En 2004, je découvris le jazz. Je n’avais jamais rien entendu de semblable. Il me sembla que tous les musiciens parlaient en même temps dans une cacophonie gazeuse. Élevée sous le règne des temps forts et des majeures, voilà qu’une porte s’ouvrait sur un monde étrange et excitant. Je décidai d’y plonger.
J’ai commencé à aller au concert. Je garde encore la trace de plusieurs d’entre eux, par exemple (cette courte énumération est très loin d’être exhaustive) : le trio Q de Julien Desprez, Fanny Lasfargues et Sylvain Darrifourcq, un soir d’hiver à Ivry-sur-Seine devant une dizaine de personnes ; une rencontre improvisée entre Louis Sclavis, Hasse Poulsen et Edward Perraud au festival Vague de Jazz en Vendée ; ou encore l’éphémère trio Maxime Delpierre - Vincent Courtois - Edward Perraud dans le même festival, avec Jeanne Added en invitée. Il y eut aussi l’incroyable sens de la dramaturgie d’un Fred Frith ou d’une Joëlle Léandre en solo — le choc de ces moments où la musique devient une évidence et, en même temps, tellement plus que ce qu’elle est. Le moment où elle se dépasse elle-même et où, dans le même mouvement, elle occupe et emplit exactement et complètement sa place.
Dans ces moments-là, quelque chose s’ouvre en vous. Comme un scalpel sonore, la musique déplie vos entrailles et lève le voile sur ce qui était déjà là. En perçant la peau, elle découvre votre vérité. Mis à nu, le corps exulte, et il s’agit alors de se laisser aller à cette catharsis effrayante, de se laisser à la fois vider et emplir de musique, et de soi-même.
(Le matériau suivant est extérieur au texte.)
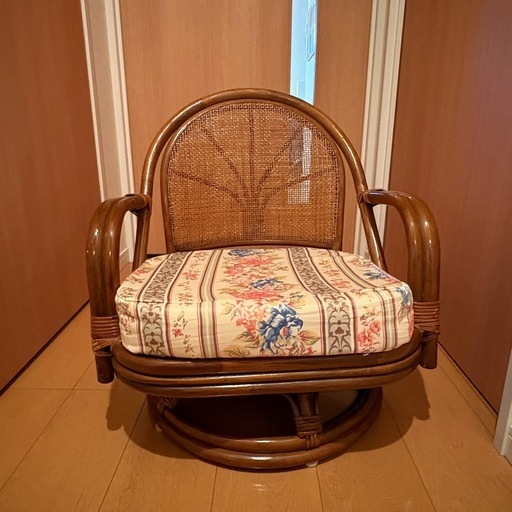 ラタン360°回転アームチェア 椅子 籐 昭和レトロ クッション付き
Un ami m’expliquait récemment comment un voyage en Afrique noire avait radicalement modifié sa vision du monde. Je compris qu’il m’était arrivé la même chose sans quitter mon siège (de spectatrice).
Parce qu’il est l’art de la polyphonie, parce que les instruments semblent parler à la fois seuls et avec les autres, le jazz apprend à entendre plusieurs voix différentes simultanément. Tout en créant une entrée secrète en soi-même, tout en perçant une brèche dans le quotidien, il permet aussi, et par là même, de sortir de soi, d’épouser d’autres points de vue, de déplacer son regard sur le monde. Pour autant, il ne s’agit jamais de surplomber celui-ci dans un rapport de supériorité. On ne se situe pas au-dessus des autres mais avec eux, sur un même plan d’immanence. En cela, on est agi par le jazz, lequel s’apparente à un moteur, à un processus de mise en mouvement du corps et de la pensée.
Parce qu’il repose en grande partie sur l’improvisation et accepte en son sein les failles inhérentes à l’exercice, parce qu’il donne voix au collectif plutôt qu’à un compositeur invisible, parce qu’il existe dans ce qui se joue entre les individus, parce qu’il permet à chacun d’exprimer son être musical au plus près, parce qu’il fait vivre le moment présent comme aucune autre expression artistique, le jazz offre une vision du monde alternative et invite à une déconstruction du regard occidental que l’on porte inévitablement sur toute chose si l’on est né en Europe, qui plus est dans une famille blanche et aisée. Déconstruire le regard occidental, c’est déconstruire l’Autre avec un grand A, cet Autre que l’on croit venir d’un lointain fantasmatique. C’est interroger ses certitudes sur la réalité telle qu’elle est pour nous, c’est-à-dire pour le point de vue occidental blanc masculin et le plus souvent hétérosexuel. C’est reconnaître la multitude de consciences possibles et leur coexistence — pour ne pas dire leur affrontement — jour après jour.
En tant que contre-regard interne à la civilisation occidentale, le jazz peut, si on le laisse faire, métamorphoser profondément notre être.